[Start of Attachment]

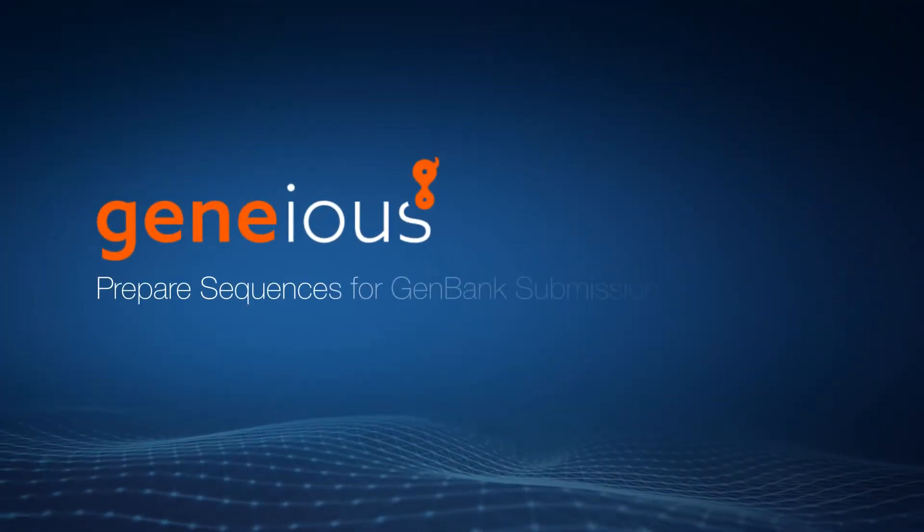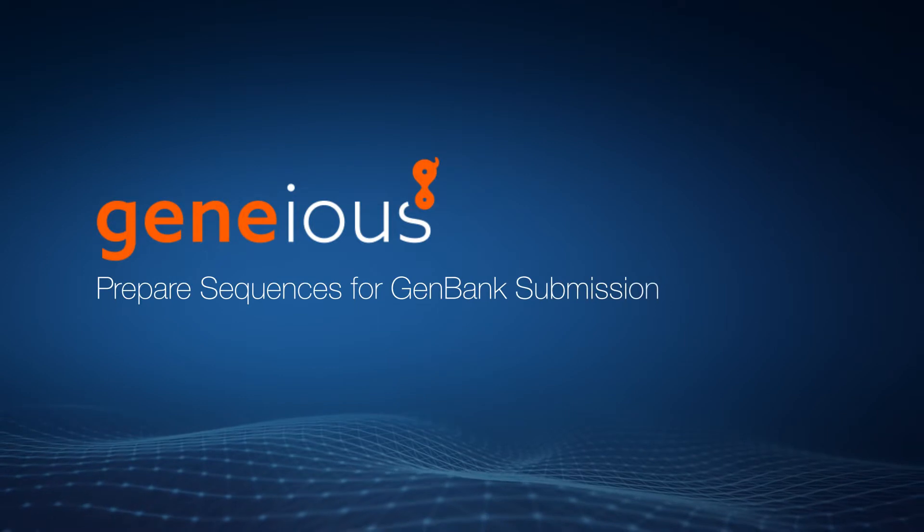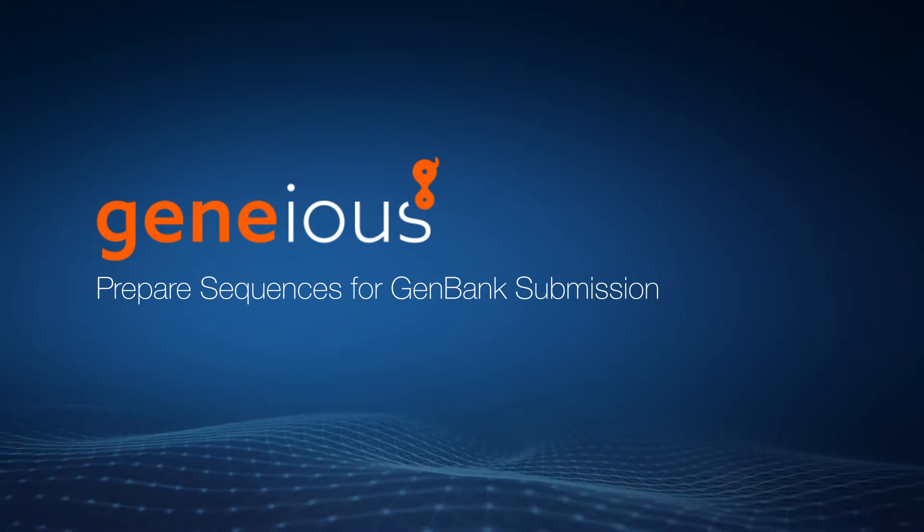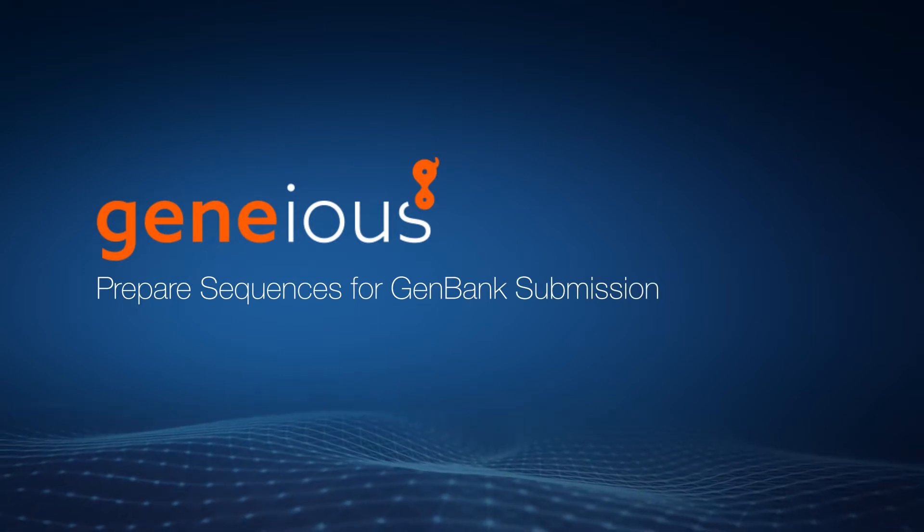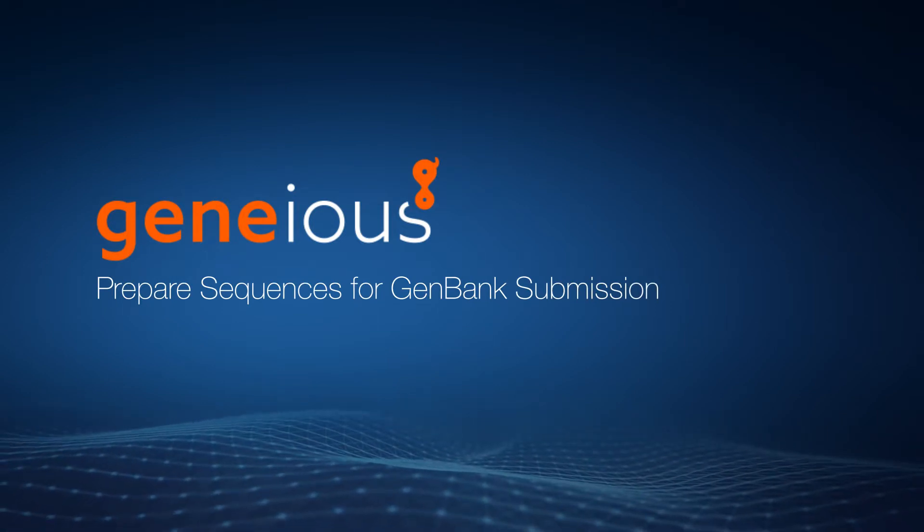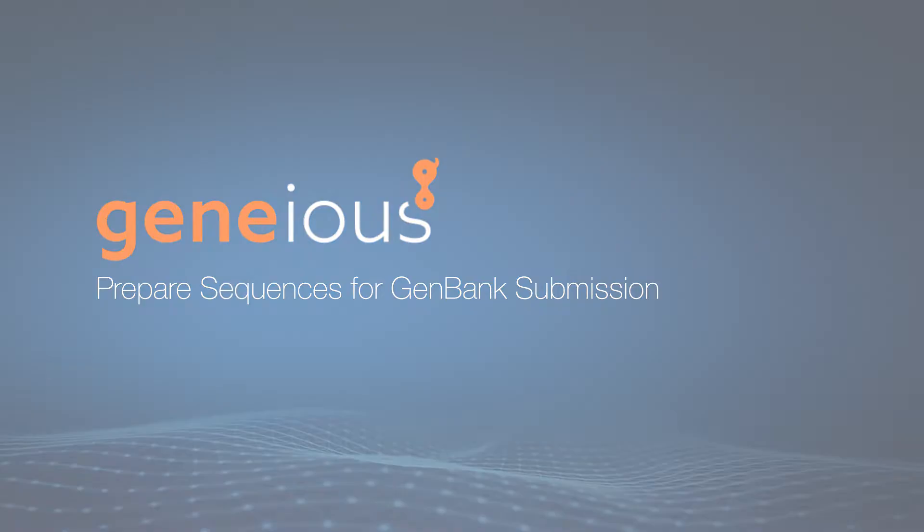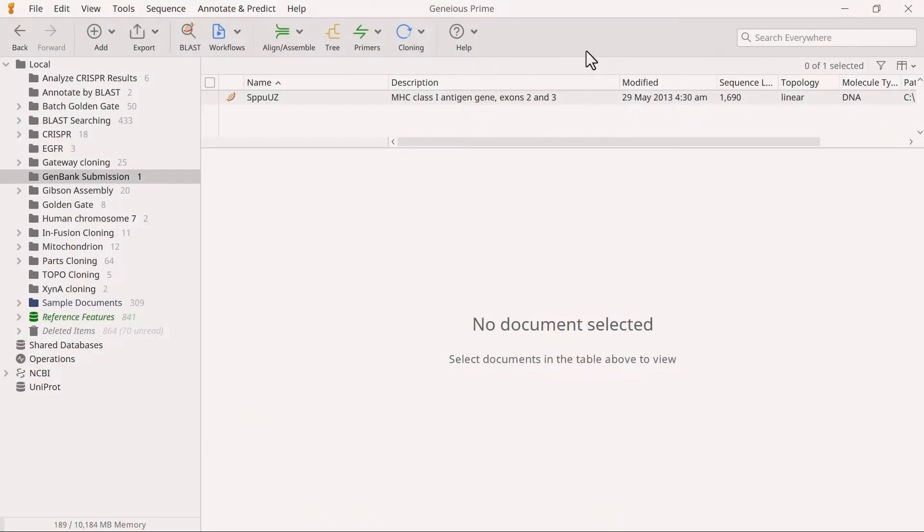Welcome to this video on preparing your sequences for entry to the GenBank database with Geneious Prime. The GenBank submission tool allows you to upload your sequences directly to GenBank from within Geneious Prime, retaining the annotations and features.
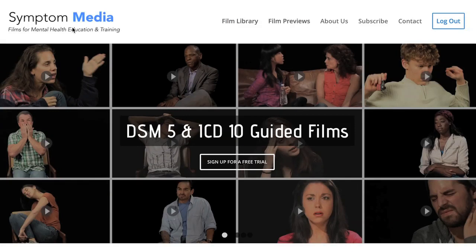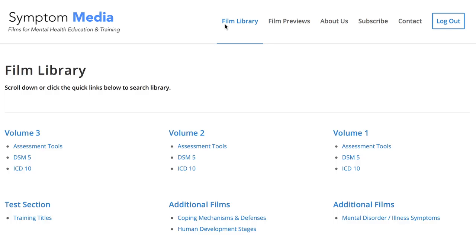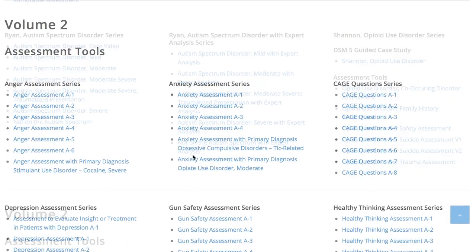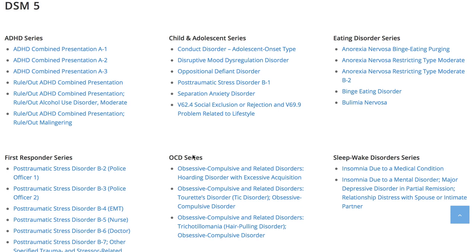Welcome to a preview of a Symptom Media DSM-5 Guided Case Study. How are people using Symptom Media's DSM-5 Guided Cases? With access to over 500 assessment tools, DSM-5 and ICD-10 guided cases, educators can enhance the understanding of symptoms and complement readings and assignments by embedding video case studies into their course's learning management system for students to watch before or after lectures. Be sure to visit SymptomMedia.com to sign up for a free trial today.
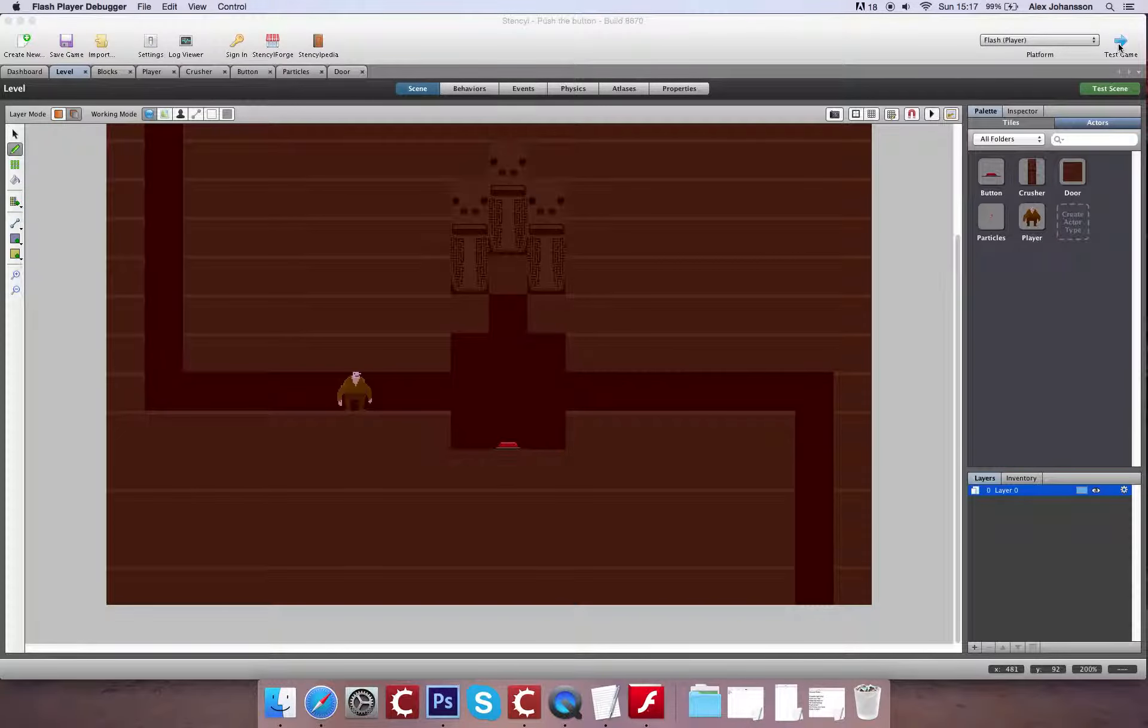At the moment there's nothing we can really do in the level, and because there's no forces being acted on in any particular direction, our actors aren't falling in any particular way. If we go to physics, we can set the gravity we want for the scene. In this case, 85 is usually a good one to go for. That should now affect all of the actors in the scene.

[End of Attachment]

> **What to do**
All of the data above needs to be retyped exactly, with the pictures removed.

> **Output below**
Welcome to this video on preparing your sequences for entry to the GenBank database with Geneious Prime. The GenBank submission tool allows you to upload your sequences directly to GenBank from within Geneious Prime, retaining the annotations and features.
Welcome to a preview of a Symptom Media DSM-5 Guided Case Study. How are people using Symptom Media's DSM-5 Guided Cases? With access to over 500 assessment tools, DSM-5 and ICD-10 guided cases, educators can enhance the understanding of symptoms and complement readings and assignments by embedding video case studies into their course's learning management system for students to watch before or after lectures. Be sure to visit SymptomMedia.com to sign up for a free trial today.
At the moment there's nothing we can really do in the level, and because there's no forces being acted on in any particular direction, our actors aren't falling in any particular way. If we go to physics, we can set the gravity we want for the scene. In this case, 85 is usually a good one to go for. That should now affect all of the actors in the scene.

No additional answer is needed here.